Aim of the exercise: Reproduce the lines below from the one that contains "Öğretmenlerin Gözünden Eğitim" through the end, inclusive, and add nothing.

Material provided:
********************
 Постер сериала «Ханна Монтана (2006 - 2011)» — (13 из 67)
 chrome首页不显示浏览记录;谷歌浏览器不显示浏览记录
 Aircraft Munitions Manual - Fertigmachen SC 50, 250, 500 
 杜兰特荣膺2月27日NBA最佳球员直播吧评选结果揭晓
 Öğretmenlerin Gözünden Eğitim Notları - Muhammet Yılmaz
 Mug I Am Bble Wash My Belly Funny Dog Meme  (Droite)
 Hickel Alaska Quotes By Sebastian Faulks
********************
Task solution:
 Öğretmenlerin Gözünden Eğitim Notları - Muhammet Yılmaz
 Mug I Am Bble Wash My Belly Funny Dog Meme  (Droite)
 Hickel Alaska Quotes By Sebastian Faulks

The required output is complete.